Para entrarmos de maneira mais sólida na discussão referente à Poder Civil, se faz necessário percorrer um caminho que se segue pela trilha da democracia que constitui sem dúvida o caráter hegemônico dessa ordem ideológica entendida como Poder Civil.
Nesse caso seguiremos de perto o pensamento de Bobbio (2000) e discutiremos os métodos e procedimentos do processo democrático que nos apontam o caminho de entendimento da homogeneidade dessa ordem ideológica.
O processo democrático tem como premissa o envolvimento maior possível dos interessados sendo de fundamental importância que se construam meios para que isso seja possível. A democracia é sem dúvida algo provido de procedimentos e regras que buscam de alguma maneira o envolvimento das partes interessadas no maior grau possível. Nas palavras próprias do autor, o regime democrático é
Primeiramente um conjunto de regras e procedimentos para a formação de decisões coletivas, em que está prevista e facilitada participação mais ampla possível dos interessados. (Bobbio, 2000, p22)
Por mais que se possa tecer críticas a respeito dessa definição que, à princípio, pode nos parecer um tanto quanto pobre ela dá conta de nos esclarecer de que maneira a democracia procura se estabelecer bem como de seu caráter procedimental que vai dando contornos para que o Poder que se institui por meio dela se torne um Poder de ordem hegemônica.

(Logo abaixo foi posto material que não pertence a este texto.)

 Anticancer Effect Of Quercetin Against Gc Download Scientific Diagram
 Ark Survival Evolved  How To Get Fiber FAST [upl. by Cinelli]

Outro aspecto fundamental na análise a cerca de democracia é deixar claro que no jogo democrático busca-se a formação de uma maioria que deve ser estabelecida através do debate desprovido de restrição entre as partes que se propõem a disputa democrática. É por meio desse debate que se forma uma maioria que deverá ser respeitada enquanto tal ao fim do processo democrático. É importante também sabermos que procura-se sempre o estabelecimento de um compromisso entre as partes o que daria conta de que a maioria vitoriosa seja respeitada e a minoria derrotada tenha um papel ativo no jogo político. Seguindo esses aspectos de compromisso e debate livre entre as partes estamos assim definindo bem os procedimentos da democracia representativa, talvez mais do da democracia direta.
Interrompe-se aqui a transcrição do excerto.